There’s been discussion about this in the past (e.g. Java duplicated string literals ) but the rule description for the Java version of this rule (I didn’t check others) says there’s a 5-character threshold to avoid lots of FP’s with common short strings.
The number of duplicates can be adjusted as a parameter. It’d be nice if the string length could also be parameterized.
In our case, while catching things like repeated error messages is very useful, we also generate a lot of SQL strings for use in PreparedStatement objects, so we frequently have things like:
cmd = “SELECT “ + colName…
While letting us specify a whitelist of strings like SQL keywords would be nice, I’d settle for a length threshold, as you already HAVE a length threshold, and I’m just asking to make it parameterizable.
Yes, because we’re getting a lot of hits for SQL keywords forming JDBC commands; these keywords aren’t likely to need changing ever, unless we were to do something radical like change to another SQL dialect.
But it seems this would be useful all around (other languages). Out of curiosity, I took a look at the Javascript version ( SonarQube ) and found that rule not only has a different length threshold (10), but also provides a parameter ignoreStrings, which is what I’d really prefer for Java, especially if regexes are supported. (It’s not clear from the description whether or not they are, but one of the built-in exclusions is a regex.)
Thanks for flagging this; it’s a great point.

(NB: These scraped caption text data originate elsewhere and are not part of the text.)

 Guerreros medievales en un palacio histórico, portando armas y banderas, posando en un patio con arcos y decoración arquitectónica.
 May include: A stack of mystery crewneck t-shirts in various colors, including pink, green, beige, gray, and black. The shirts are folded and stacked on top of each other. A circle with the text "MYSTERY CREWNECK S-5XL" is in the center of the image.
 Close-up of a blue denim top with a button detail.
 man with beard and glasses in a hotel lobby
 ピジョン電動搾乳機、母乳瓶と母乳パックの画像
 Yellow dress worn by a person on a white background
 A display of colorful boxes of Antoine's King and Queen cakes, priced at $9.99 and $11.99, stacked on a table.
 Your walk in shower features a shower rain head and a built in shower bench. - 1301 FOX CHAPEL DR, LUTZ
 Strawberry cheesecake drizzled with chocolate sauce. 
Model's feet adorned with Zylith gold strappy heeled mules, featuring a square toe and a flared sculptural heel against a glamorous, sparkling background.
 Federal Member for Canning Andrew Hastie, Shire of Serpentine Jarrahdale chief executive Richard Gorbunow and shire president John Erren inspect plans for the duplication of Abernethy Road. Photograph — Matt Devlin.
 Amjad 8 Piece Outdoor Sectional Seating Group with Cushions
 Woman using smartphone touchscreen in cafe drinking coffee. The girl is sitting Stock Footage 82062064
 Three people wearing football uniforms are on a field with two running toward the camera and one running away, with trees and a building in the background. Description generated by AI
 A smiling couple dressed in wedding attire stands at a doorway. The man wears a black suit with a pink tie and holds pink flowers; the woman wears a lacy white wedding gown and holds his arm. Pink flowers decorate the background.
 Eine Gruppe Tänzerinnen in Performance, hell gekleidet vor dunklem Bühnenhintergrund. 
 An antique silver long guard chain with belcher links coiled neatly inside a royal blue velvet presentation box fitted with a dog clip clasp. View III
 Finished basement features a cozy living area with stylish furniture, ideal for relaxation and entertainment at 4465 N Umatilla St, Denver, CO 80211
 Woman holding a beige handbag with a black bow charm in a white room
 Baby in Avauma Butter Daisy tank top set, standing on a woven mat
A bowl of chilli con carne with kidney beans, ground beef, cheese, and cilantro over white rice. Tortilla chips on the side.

I’ll take this back to the team for discussion and see if we can bring that parameterization to the Java rule.
It seems to me that for the benefit of users, particularly those whose projects span multiple languages, there should be a goal to make similar rules in different repos (abc:Sxyz and def:Sxyz) as consistent as the differences in the language will allow.
And these requests are handled by language developers. I have no way to route this to a developer of “all languages”. The Java developer who eventually picks this up will presumably (hopefully) notice that the rule exists for other languages as well and reach out to those squads for a parallel change on their side.
OK, I was just assuming that there was some sort of “common” parser, sort of a base/super class that each language then extends. (Of course, that would introduce its own complexity…)
To clarify: I’m suggesting ways for users to filter out string literals they WANT to duplicate. First I suggested parameterizing the existing (hardcoded) length limit. Then I noticed Javascript’s version has a parameterizable exclusion list, so porting that to Java would be fine too. Both would be even better.